Wednesday, September 10, 2008

Perils of a networked world!!

This story from Slashdot sounds right out of a B grade sci-fi movie, with bots and crawlers wreaking havoc, where a highly interconnected system has gone awry due to a minor glitch. 

WSJ reports (http://online.wsj.com/article_print/SB122100794359017593.html ) that Google News crawled a 2002 article when United Airlines was on the brink of bankruptcy.  Google News ran the story as today's news, automatically. The story was then picked up by other news aggregators and eventually headlined as a news flash on Bloomberg. This triggered automated trading programs to dump UAL, and the stocked tanked from $12 to $3 wiping out $1.14 billion  from the market cap. The stock recovered within the day to $10 and is now trading at $9.62, a market cap of $300M less than before Google ran the story. 

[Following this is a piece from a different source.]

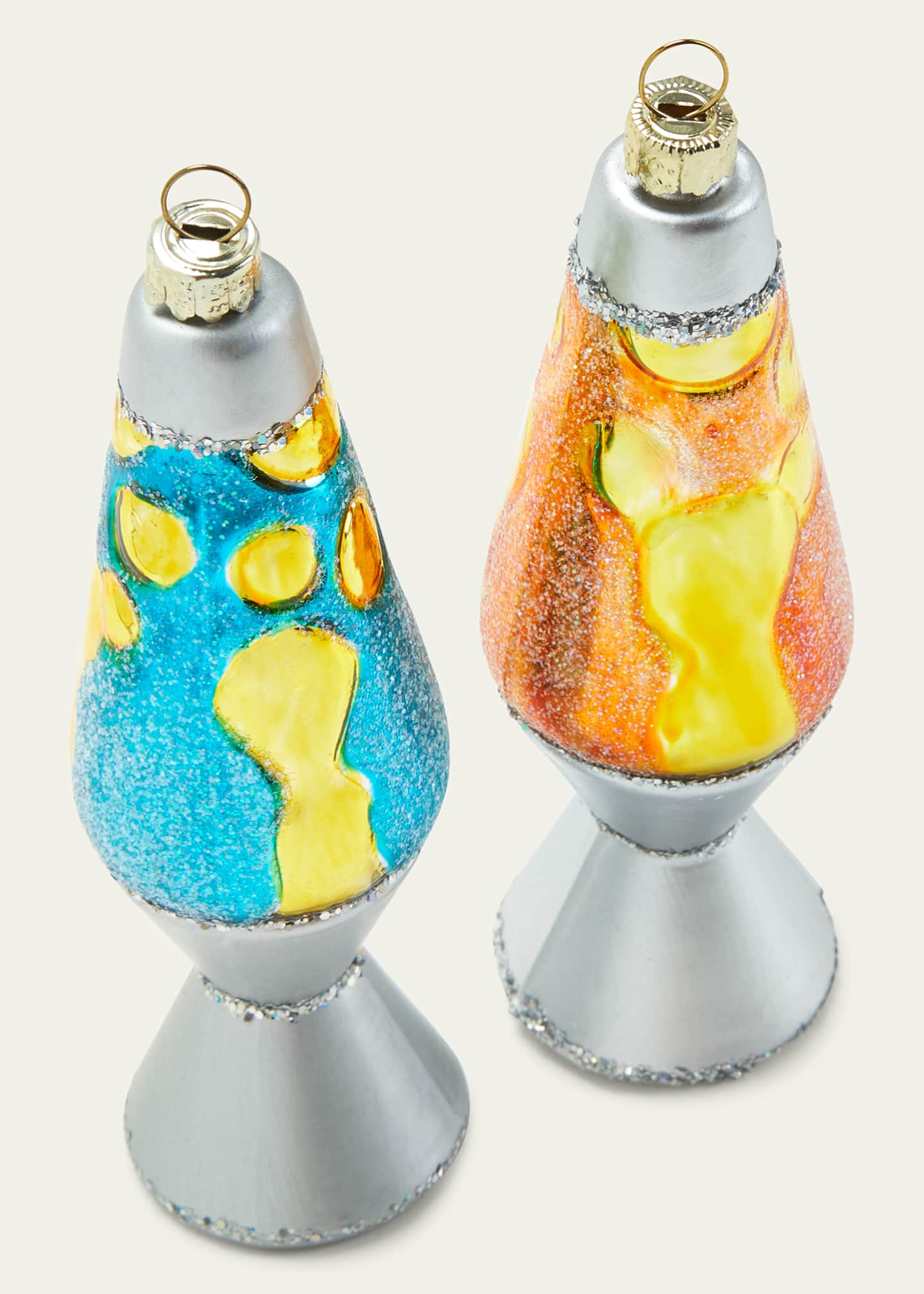 Cody Foster & Co Lava Lamp Christmas Ornaments Bergdorf Goodman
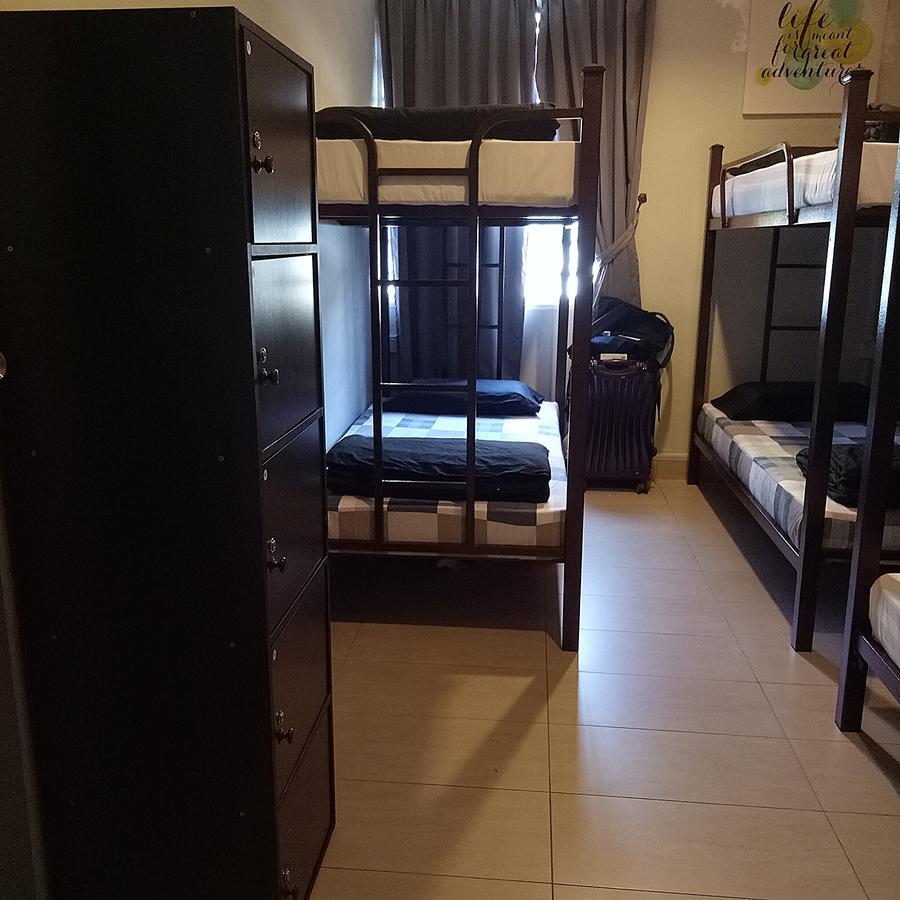 Hood Hostel Kota Kinabalu Exterior photo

Is anyone liable here ?  Tribune for omitting the correct dateline, Google for not writing software that erred on the  side of caution in the case of a missing date, Bloomberg and other syndicators for not vetting their sources, or traders who haven't put "circuit breakers" in place for preventing such a mishap.   Clearly automated trading programs will see some specific requirements imposed, by reguatory bodies, for having some "manual" mechanisms in place for such freak events. 

The investors are reeling under the shock, including retail investors. For a flavor of what the retail investors are talking check out

Vijay


1 comment:

Vijay said...

For an update on this story follow the forbes investigation on this link http://www.forbes.com/2008/09/08/ual-tribune-bankruptcy-biz-media-cz_ja_0908ualstory2.html

But in a nutshell this looks like a human oversight as well with a reporter from a florida based investor information service assuming that the news was latest purely because of its co-location with other current stories. This has the potential of creating a big challenge for the credibility of news aggregators with hackers/crackers on the prowl.